What the task asks: Write out the records again exactly and exclude the pictures.

═══ Material provided

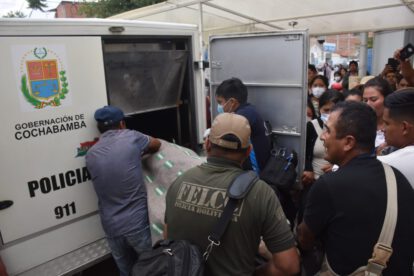 Desbloqueo en Colcapirhua termina trágicamente con dos muertos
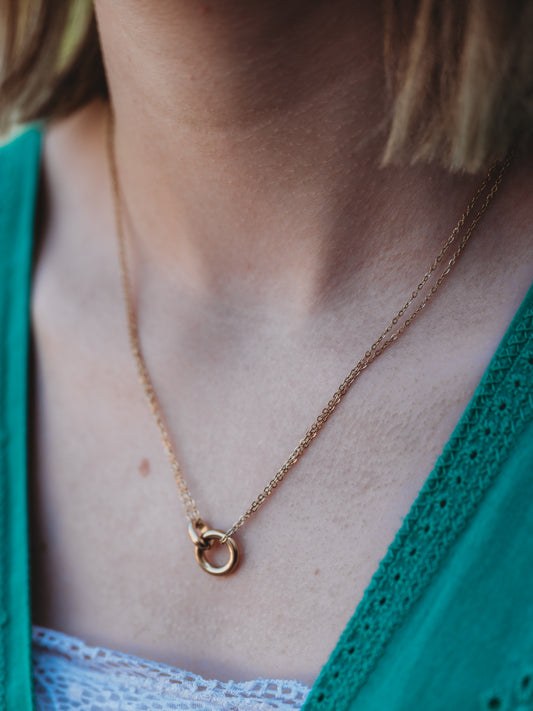 la·Label Jewelry Necklace double LN-048-DOU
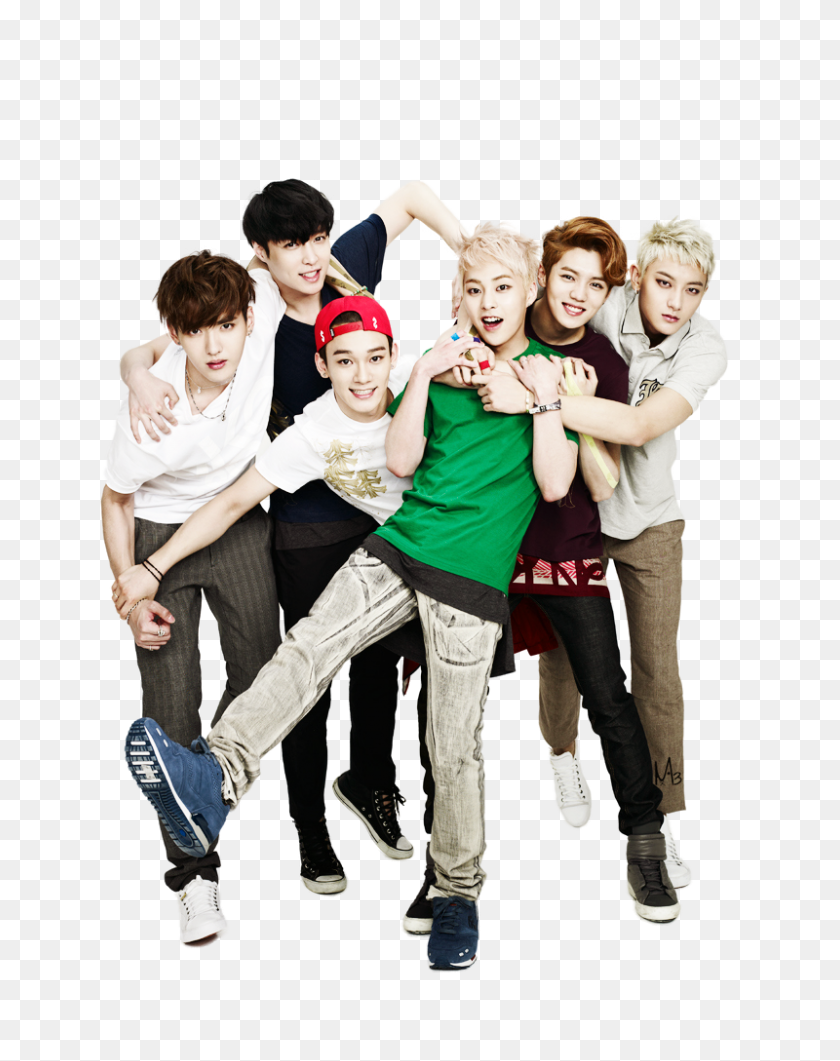800x1027 Exo Png Png Image - Exo PNG
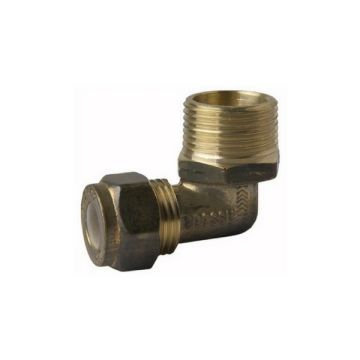 20Mi X 15C 1/2" Nylon Olive Male Elbow
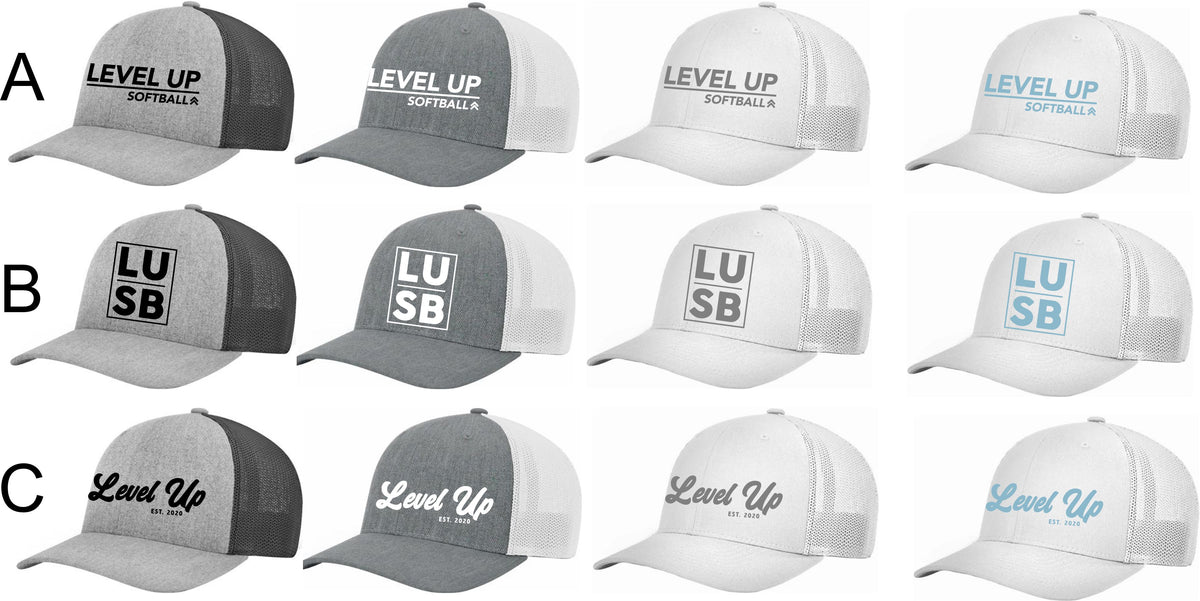 Level Up Hat - Richardson 110 - Flexfit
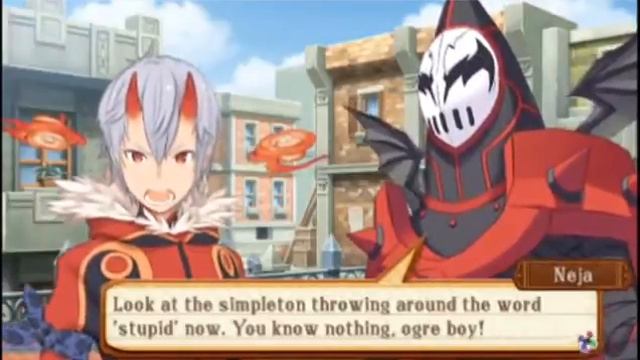 Summon Night 5 - PSP Gameplay смотреть онлайн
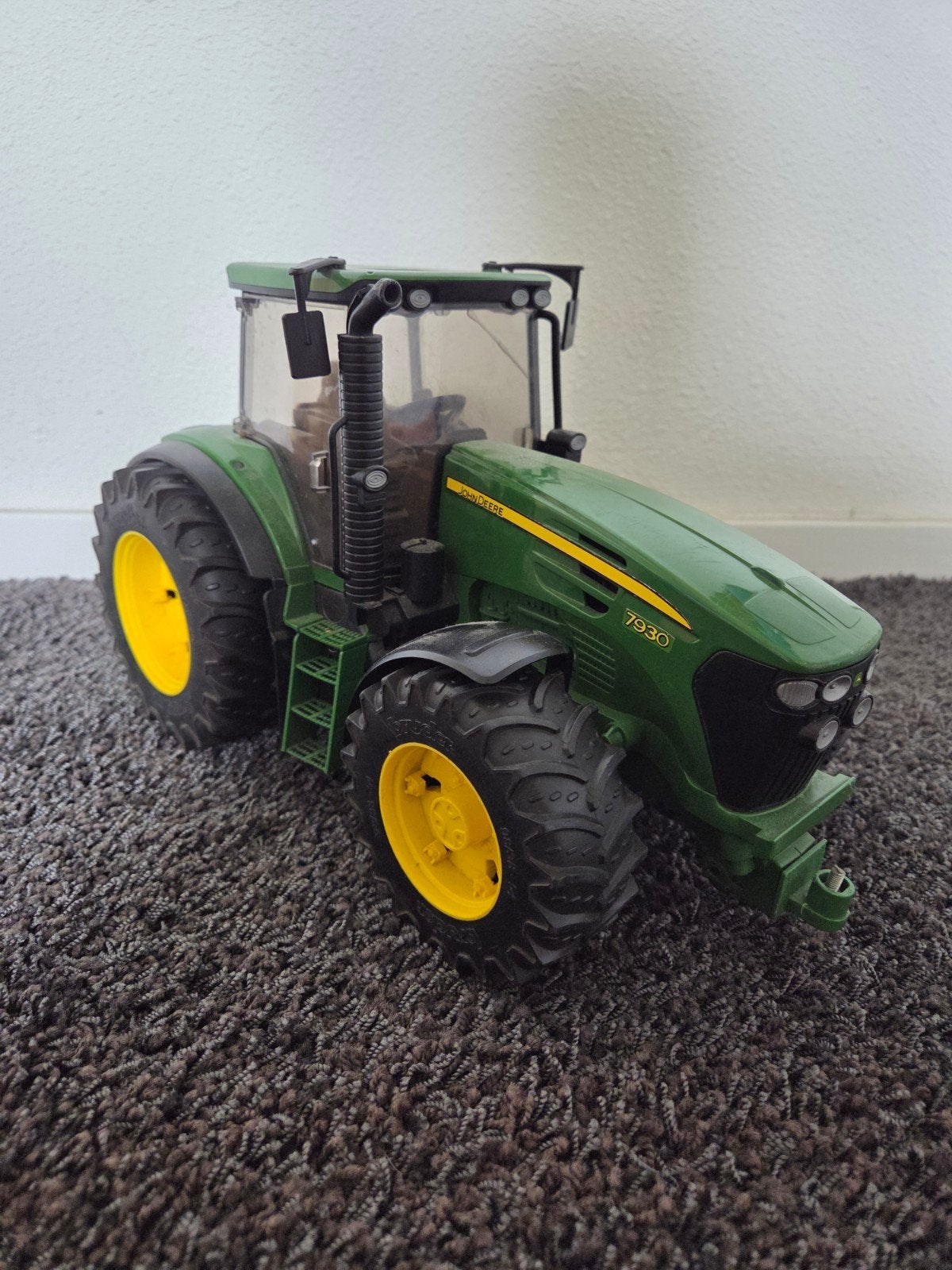 Bruder John Deere 7930 Tractor Speelgoed, Ophalen of Verzenden, Gebruikt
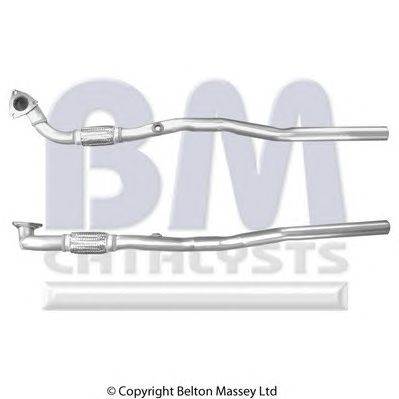 BM CATALYSTS BM50293 - kipufogócső OPEL VAUXHALL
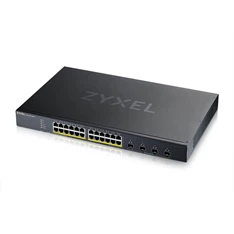 ZyXEL XGS1935-28HP 24xGbE PoE LAN (375W) 4xSFP+ port Lite-L3 smart menedzselhető PoE switch ZyXEL XGS1935-28HP 24xGbE PoE LAN (375W) 4xSFP+ port Lite-L3 smart menedzselhető PoE switch
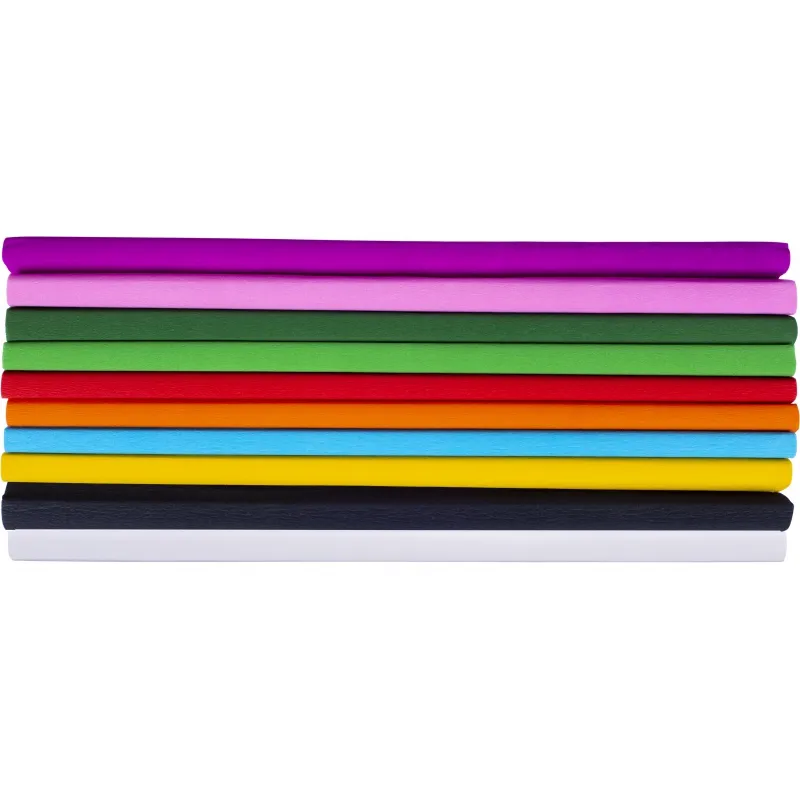 ASTRAPAP Papier krepový, 200 x 50cm, 10 ks, mix farieb, 113021032 ASTRAPAP Papier krepový, 200 x 50cm, 10 ks, mix farieb, 113021032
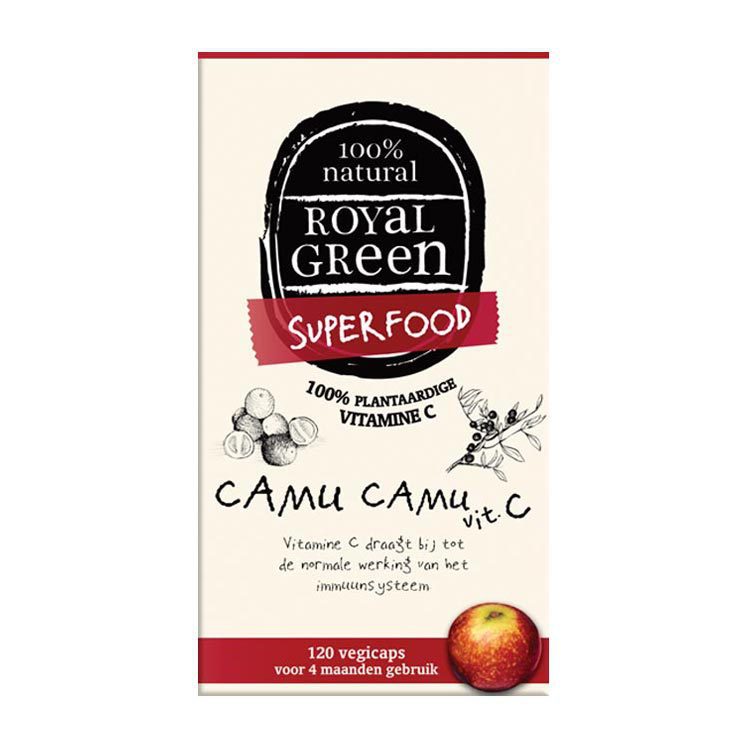 Camu Camu Vitamine C 120 capsules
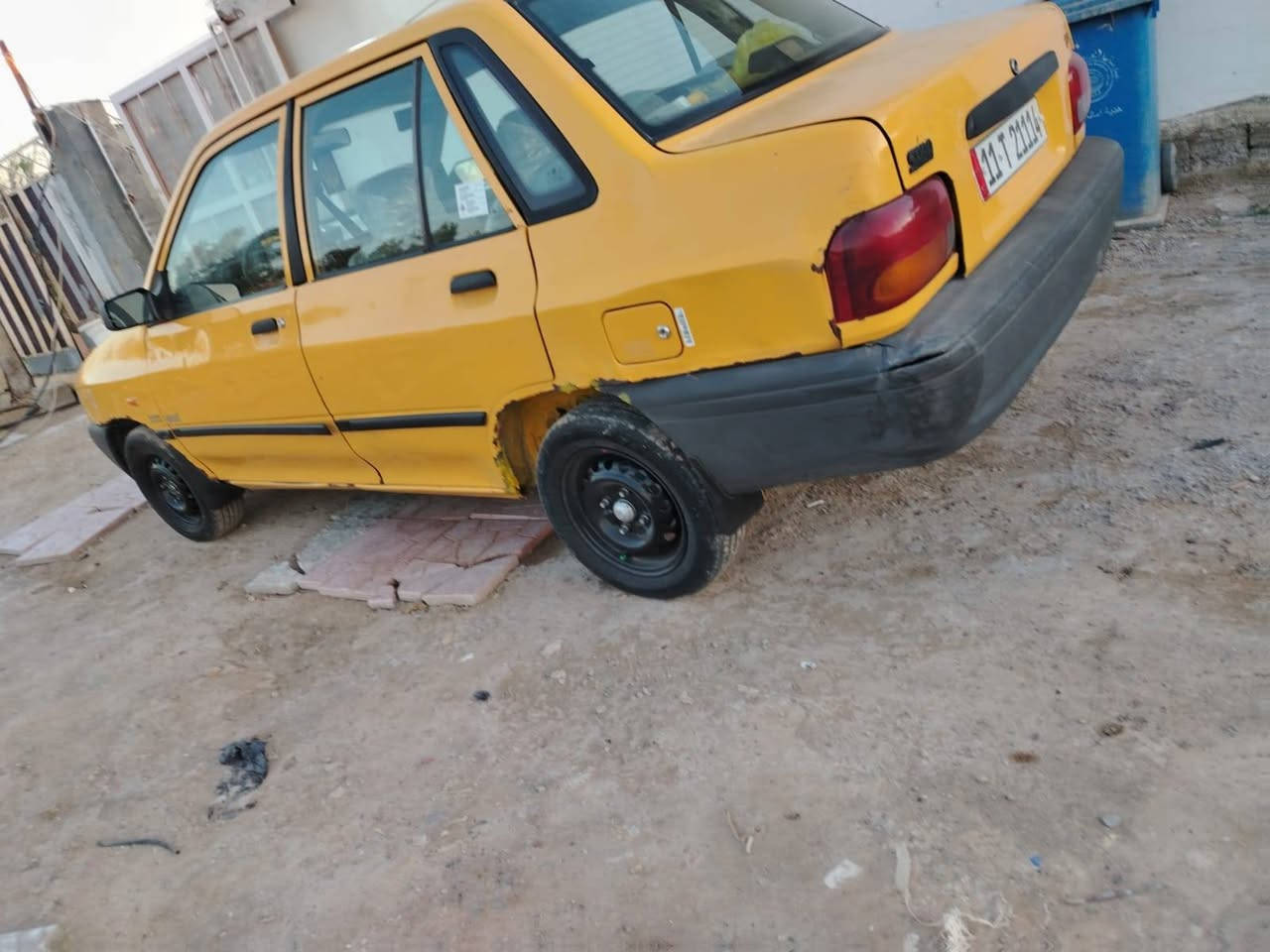 سلام عليكم ورحمه الله وبركاته
سايبا موديل 11 نطيفه فووول 
كير ومكينه وتبريد وكهربائيات خير من الله كفاله 
بس بيه طخر بالجاملغ الخلفي شويه ومعمر والباقي كفاله 
سنويه بسمي جذيده هيئة وغرامات مصفره 
سعر 30 بيه مجال 
بغداد .. ثعالبه 
تفاصيل اكثر اتصل ع ***********
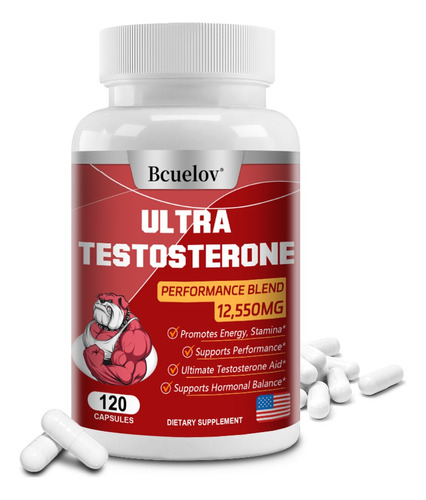 Potenciador De Testosterona Para Hombres Endurance Energy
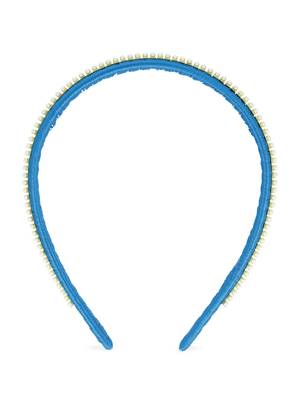 Girls Blue Ethnic Hairband 3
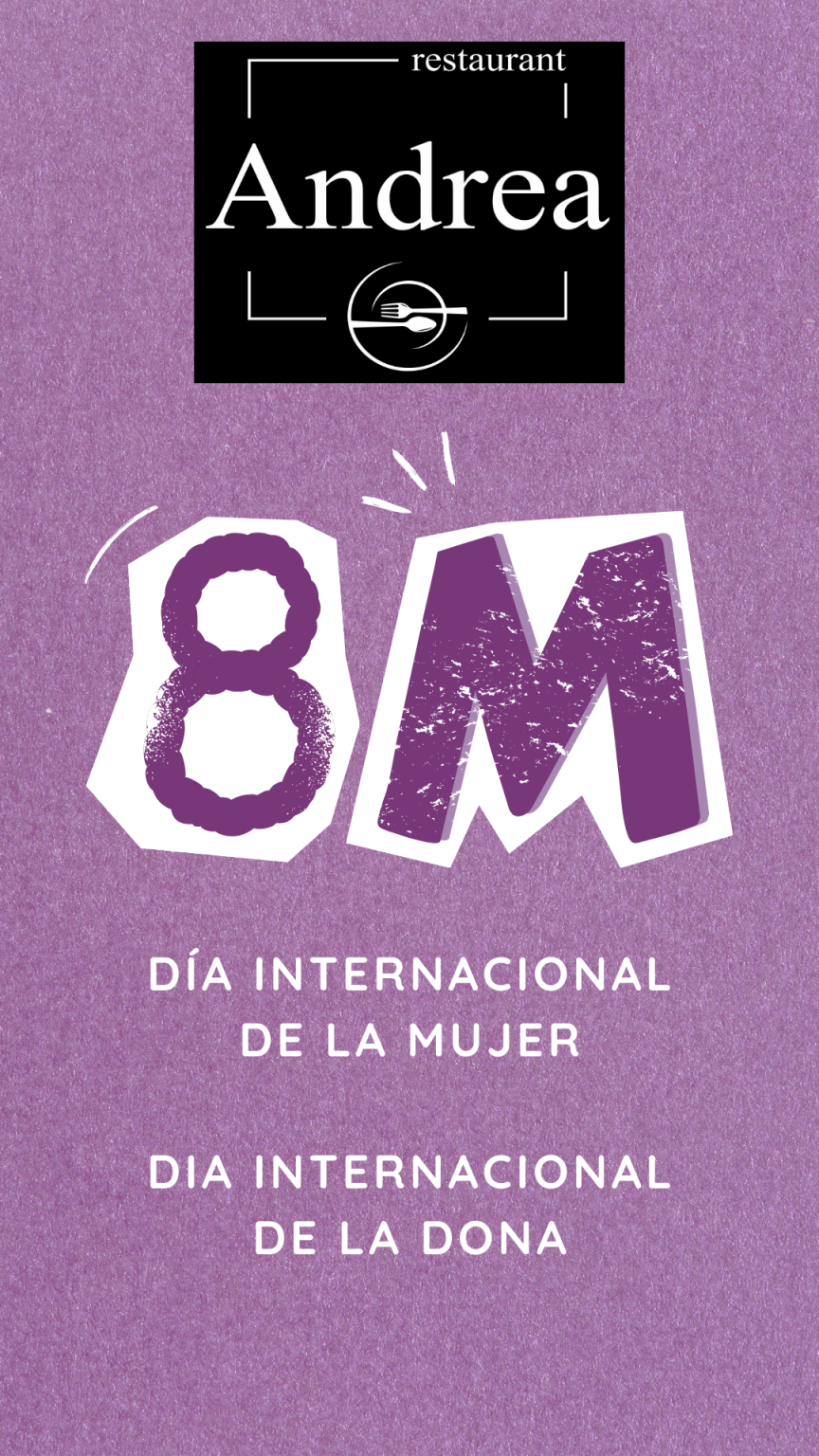 Feliç Dia Internacional de la Dona a totes les dones extraordinàries que fan del món un lloc millor!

══════

Solution to this problem:
 Desbloqueo en Colcapirhua termina trágicamente con dos muertos
 la·Label Jewelry Necklace double LN-048-DOU
800x1027 Exo Png Png Image - Exo PNG
 20Mi X 15C 1/2" Nylon Olive Male Elbow
 Level Up Hat - Richardson 110 - Flexfit
 Summon Night 5 - PSP Gameplay смотреть онлайн
 Bruder John Deere 7930 Tractor Speelgoed, Ophalen of Verzenden, Gebruikt
 BM CATALYSTS BM50293 - kipufogócső OPEL VAUXHALL
 ZyXEL XGS1935-28HP 24xGbE PoE LAN (375W) 4xSFP+ port Lite-L3 smart menedzselhető PoE switch ZyXEL XGS1935-28HP 24xGbE PoE LAN (375W) 4xSFP+ port Lite-L3 smart menedzselhető PoE switch
 ASTRAPAP Papier krepový, 200 x 50cm, 10 ks, mix farieb, 113021032 ASTRAPAP Papier krepový, 200 x 50cm, 10 ks, mix farieb, 113021032
 Camu Camu Vitamine C 120 capsules
 سلام عليكم ورحمه الله وبركاته
سايبا موديل 11 نطيفه فووول 
كير ومكينه وتبريد وكهربائيات خير من الله كفاله 
بس بيه طخر بالجاملغ الخلفي شويه ومعمر والباقي كفاله 
سنويه بسمي جذيده هيئة وغرامات مصفره 
سعر 30 بيه مجال 
بغداد .. ثعالبه 
تفاصيل اكثر اتصل ع ***********
 Potenciador De Testosterona Para Hombres Endurance Energy
 Girls Blue Ethnic Hairband 3
 Feliç Dia Internacional de la Dona a totes les dones extraordinàries que fan del món un lloc millor!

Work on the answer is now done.